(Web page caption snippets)
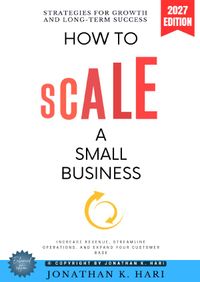 How to Scale a Small Business:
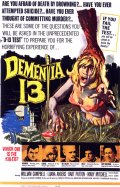 Безумие 13 - Dementia 13 (, 1963) Смотреть бесплатно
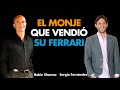 El monje que vendió su Ferrari ⎮Robin Sharma, Máster de Emprendedores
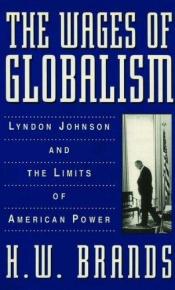 book cover of The Wages of Globalism: Lyndon Johnson and the Limits of American Power by H. W. Brands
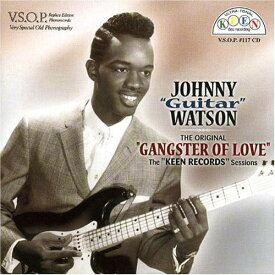 Johnny Guitar Watson - The Original Gangster Of Love: The Keen Records Sessions CD アルバム 【輸入盤】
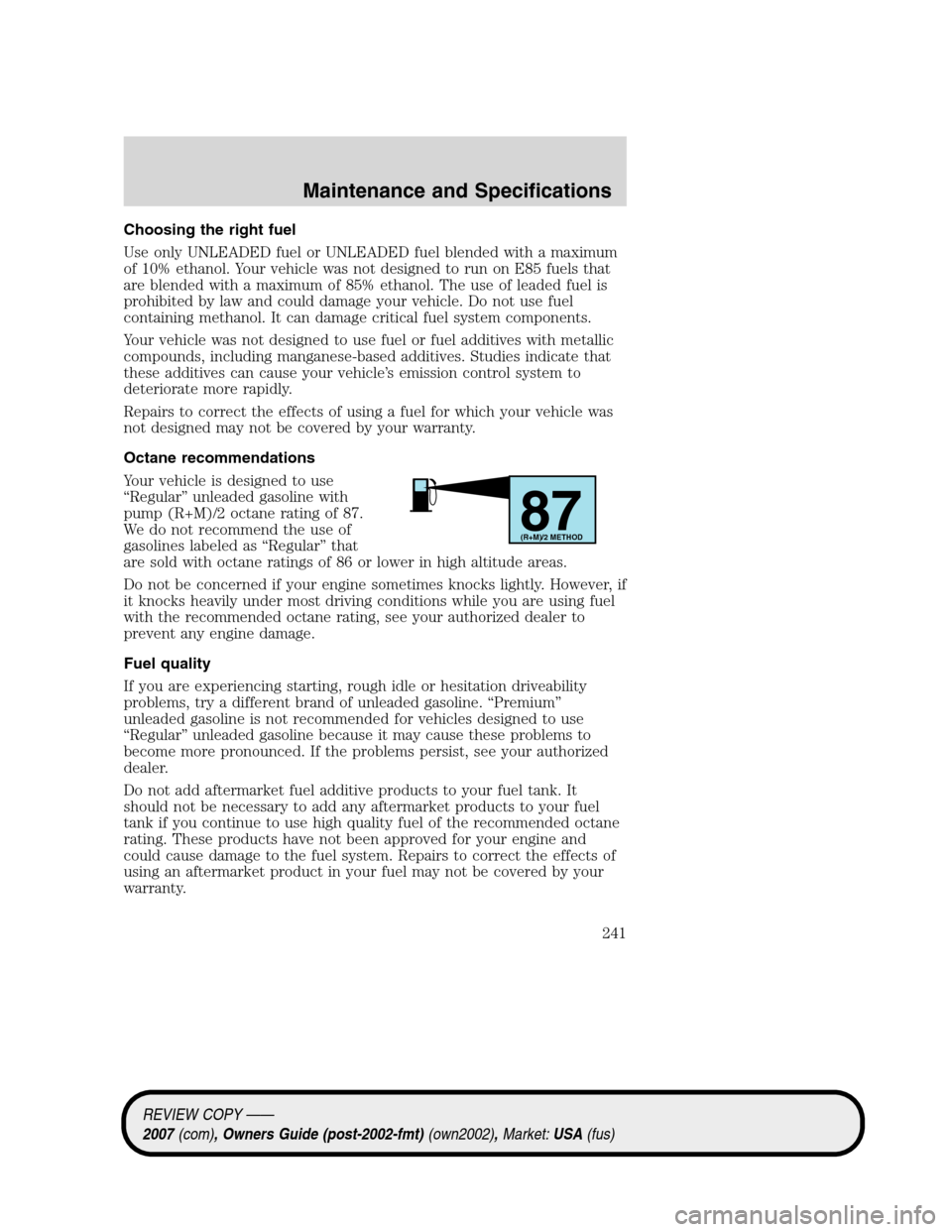 LINCOLN MKZ 2007 Owners Manual Choosing the right fuel
Use only UNLEADED fuel or UNLEADED fuel blended with a maximum
of 10% ethanol. Your vehicle was not designed to run on E85 fuels that
are blended with a maximum of 85% ethanol. LINCOLN MKZ 2007 Owners Manual Choosing the right fuel
Use only UNLEADED fuel or UNLEADED fuel blended with a maximum
of 10% ethanol. Your vehicle was not designed to run on E85 fuels that
are blended with a maximum of 85% ethanol.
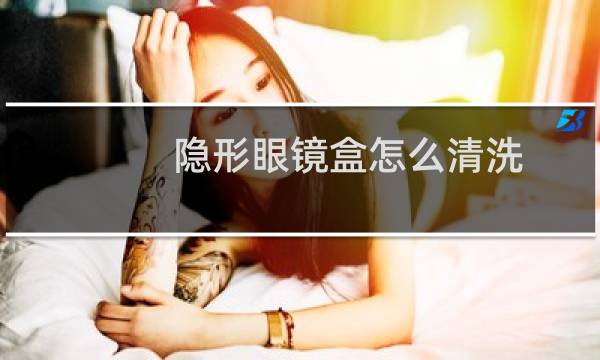 隐形眼镜盒怎么清洗 - 隐形眼镜盒子初次清洗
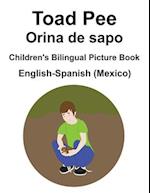 English-Spanish (Mexico) Toad Pee/Orina de sapo Children's Bilingual Picture Book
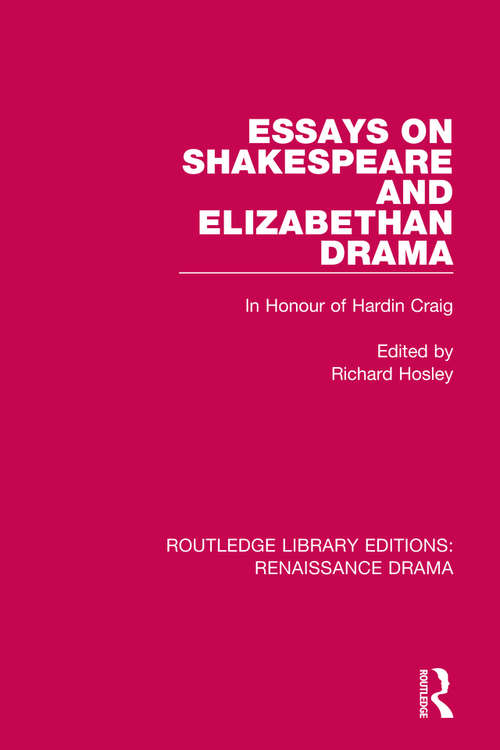 Essays on Shakespeare and Elizabethan Drama: In Honour of Hardin Craig (Routledge Library Editions: Renaissance Drama #Vol. 5)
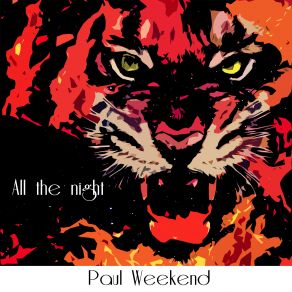 Download track All The Night (Original Mix) Paul Weekend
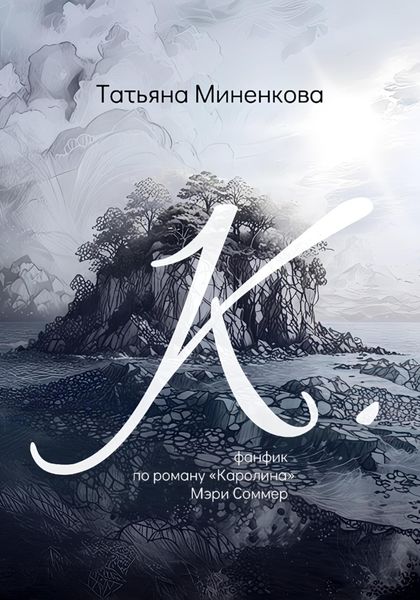 Обложка книги  «"К". Фанфик по роману «Каролина» Мэри Соммер»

YOUR OBJECTIVE: Extract word for word every line from the line that contains "隐形眼镜盒怎么清洗 - 隐形眼镜盒子初次清洗" to the final line of the data, both included, and nothing else; skip the pictures.

REPLY TO THE EXERCISE:
 隐形眼镜盒怎么清洗 - 隐形眼镜盒子初次清洗
 English-Spanish (Mexico) Toad Pee/Orina de sapo Children's Bilingual Picture Book
 Essays on Shakespeare and Elizabethan Drama: In Honour of Hardin Craig (Routledge Library Editions: Renaissance Drama #Vol. 5)
 Download track All The Night (Original Mix) Paul Weekend
 Обложка книги  «"К". Фанфик по роману «Каролина» Мэри Соммер»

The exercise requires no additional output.